### EXERCISE DETAILS
Copy every line of the data exactly, keeping out any picture.

(INFORMATION PROVIDED begins)

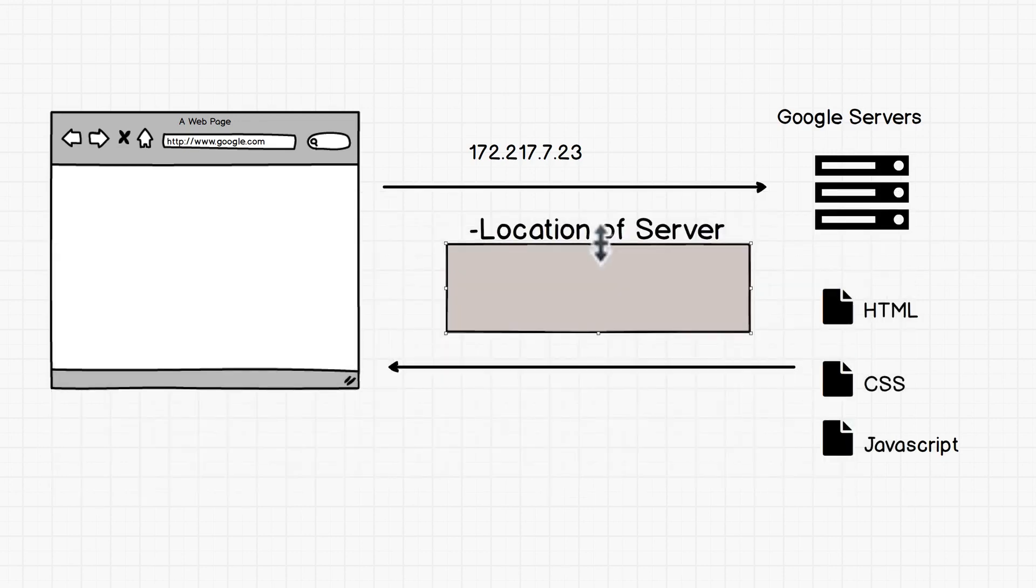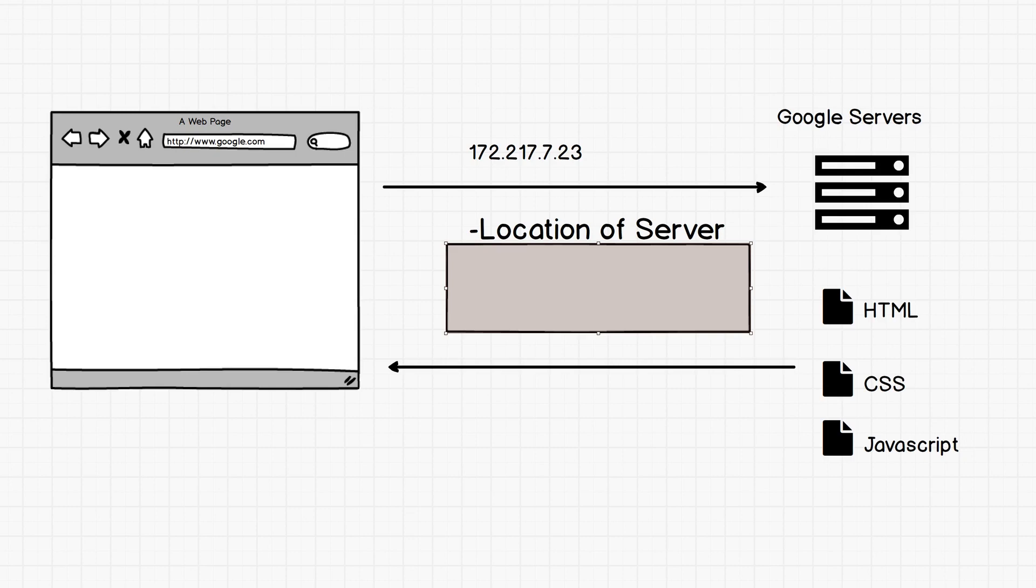The first one is location of the server. We saw how big the internet backbone is. So if the servers are really close to you, let's say you're in the States and the servers are just a couple of kilometers away, that hop is going to be really fast versus if it's all the way across the globe. So location of the server is important.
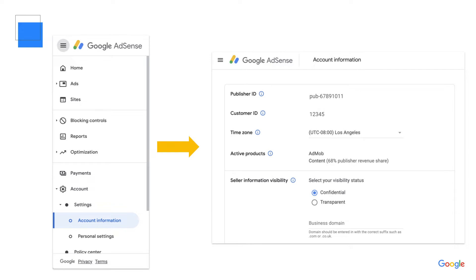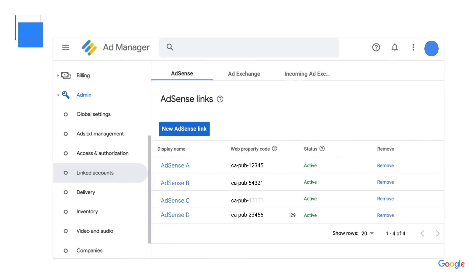You'll need this handy to link the accounts. You can find your AdSense publisher ID by clicking into the Account tab, Account Information, and viewing your publisher ID. Keep this window open. Next, open up your Ad Manager account and click into the Admin tab. From the drop-down menu, select Linked Accounts.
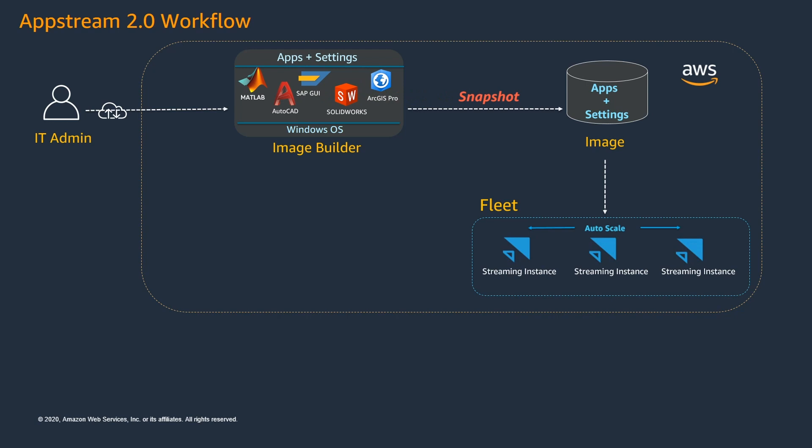Also, each streaming instance will be dedicated for one user and the number of streaming instances available represents the number of concurrent user sessions that a fleet can handle. Once we have created the fleet, we create another resource called Stack.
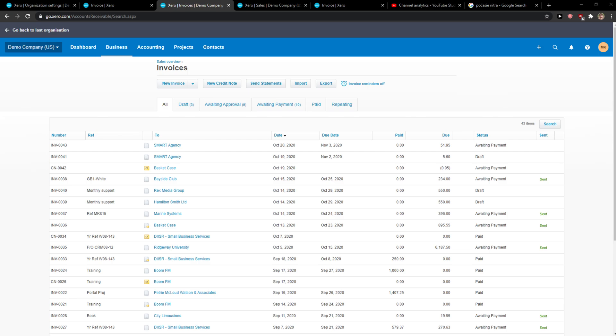Everybody, my name is Marcus and in this video I'll show you a simple way how you can batch deposit in Xero. So let's start. The first thing you want to do is click on Business and click on Invoices.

(INFORMATION PROVIDED ends)

### SOLUTION
The first one is location of the server. We saw how big the internet backbone is. So if the servers are really close to you, let's say you're in the States and the servers are just a couple of kilometers away, that hop is going to be really fast versus if it's all the way across the globe. So location of the server is important.
You'll need this handy to link the accounts. You can find your AdSense publisher ID by clicking into the Account tab, Account Information, and viewing your publisher ID. Keep this window open. Next, open up your Ad Manager account and click into the Admin tab. From the drop-down menu, select Linked Accounts.
Also, each streaming instance will be dedicated for one user and the number of streaming instances available represents the number of concurrent user sessions that a fleet can handle. Once we have created the fleet, we create another resource called Stack.
Everybody, my name is Marcus and in this video I'll show you a simple way how you can batch deposit in Xero. So let's start. The first thing you want to do is click on Business and click on Invoices.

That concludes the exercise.